The reply should hold every record, copied exactly, and none of the pictures.

____________________

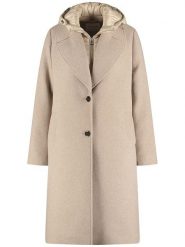 Gerry Weber Płaszcz przejściowy w kolorze beżowym rozmiar: 40. Brązowe płaszcze Gerry Weber, bez wzorów, z wełny, bez kaptura. Za 461.21 zł.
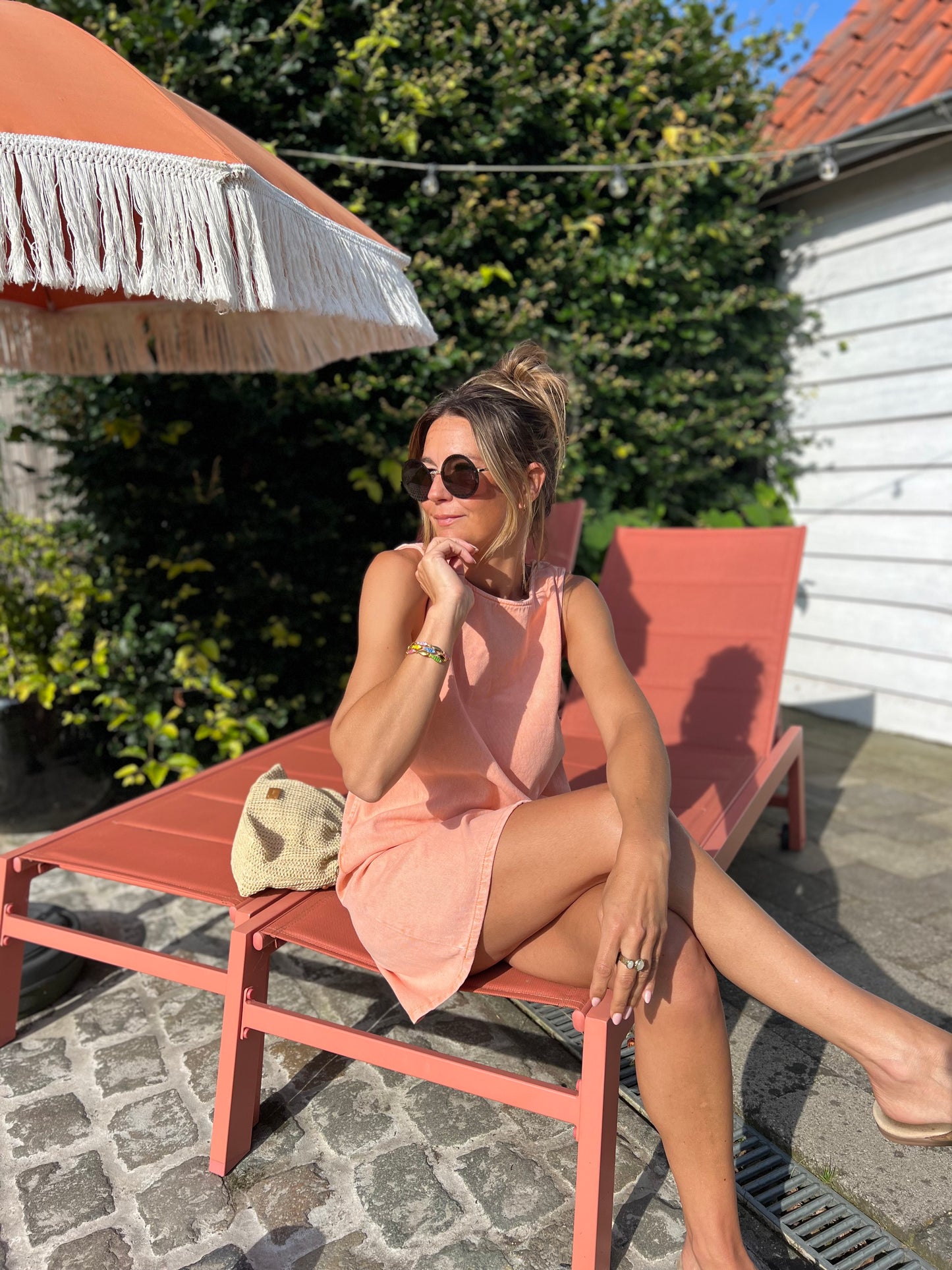 JESS DENIM DRESS PEACH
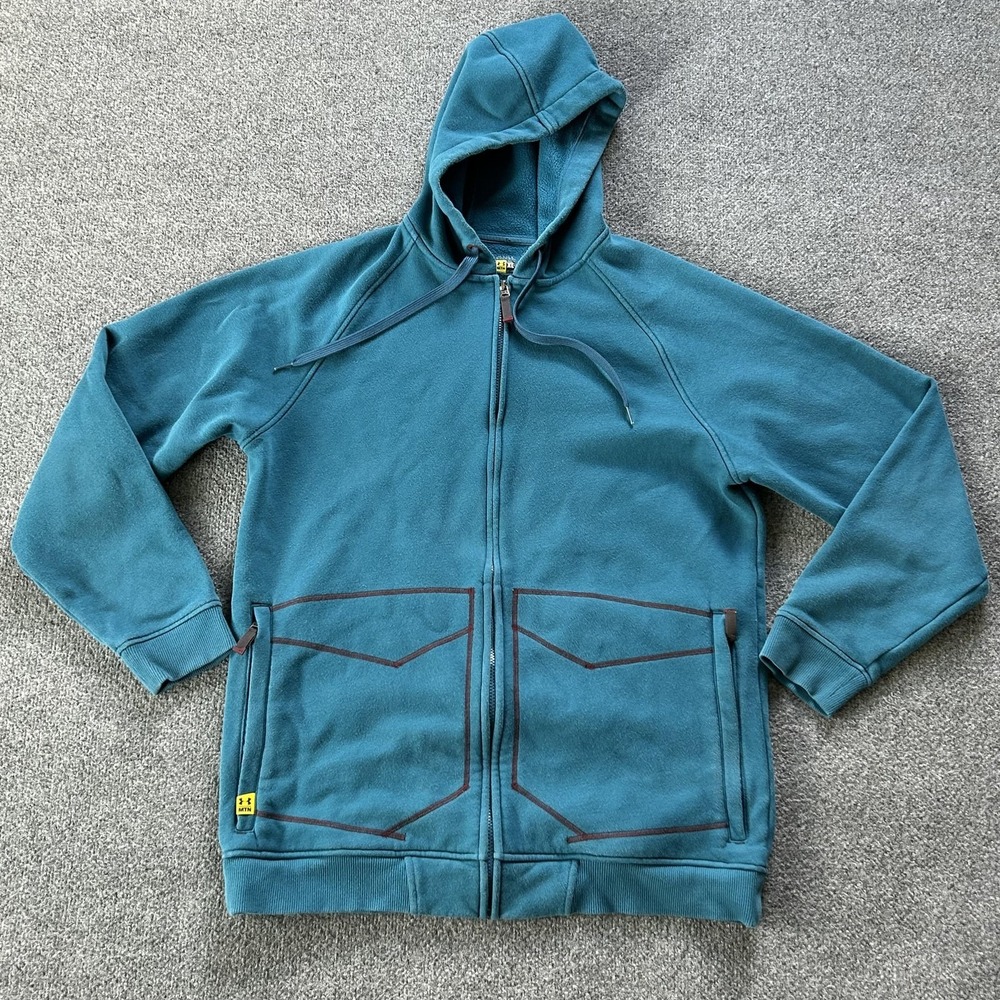 Under Armour Hoodie Mens XL Blue MTN‎ Loose Full Zip Fleece Sweatshirt Jacket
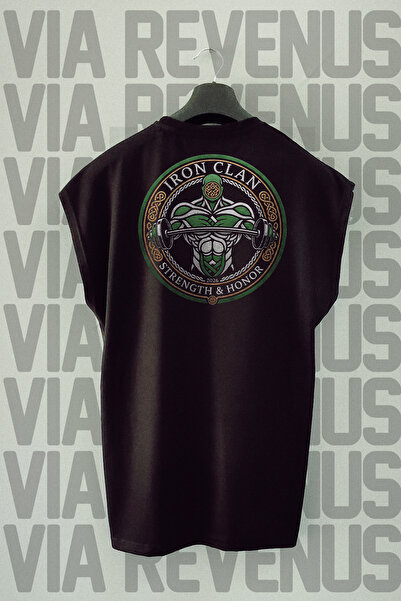 Vordevia Iron Clan Gym Back Printed Zero Sleeve 100% Cotton Sports Tshirt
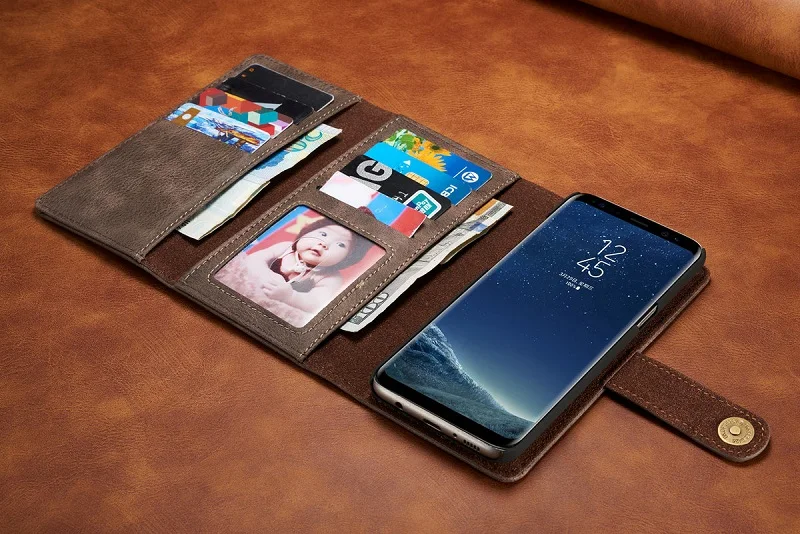 Для samsung S8 S9 S10 S7 edge S10e Чехол-книжка двойной складной кошелек Магнитный чехол для samsung Note 8 9 10 Plus ретро кожаный чехол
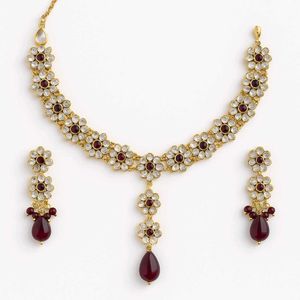 Elegant Gold & Ruby Necklace Set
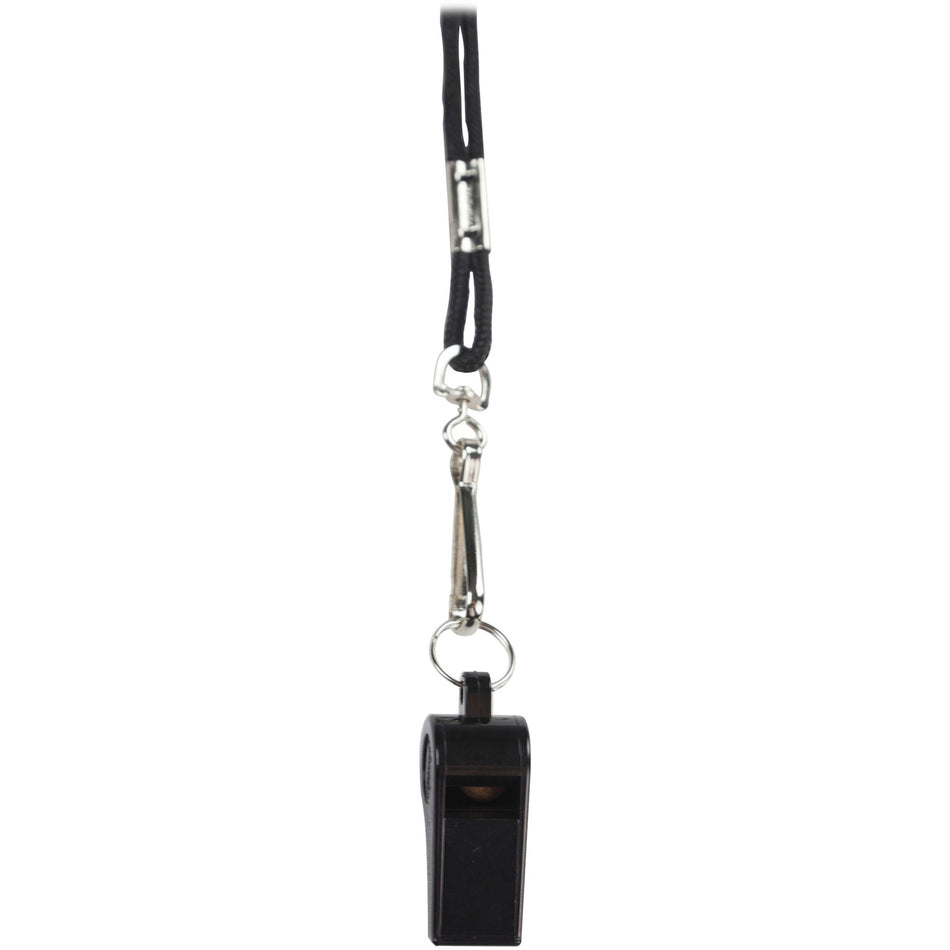 Champion Sports Plastic Whistle/Bulk Lanyard Pack - Black, Silver - Metal, Nylon, Plastic - 1 Dozen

____________________

Response:
 Gerry Weber Płaszcz przejściowy w kolorze beżowym rozmiar: 40. Brązowe płaszcze Gerry Weber, bez wzorów, z wełny, bez kaptura. Za 461.21 zł.
 JESS DENIM DRESS PEACH
 Under Armour Hoodie Mens XL Blue MTN‎ Loose Full Zip Fleece Sweatshirt Jacket
 Vordevia Iron Clan Gym Back Printed Zero Sleeve 100% Cotton Sports Tshirt
 Для samsung S8 S9 S10 S7 edge S10e Чехол-книжка двойной складной кошелек Магнитный чехол для samsung Note 8 9 10 Plus ретро кожаный чехол
 Elegant Gold & Ruby Necklace Set
 Champion Sports Plastic Whistle/Bulk Lanyard Pack - Black, Silver - Metal, Nylon, Plastic - 1 Dozen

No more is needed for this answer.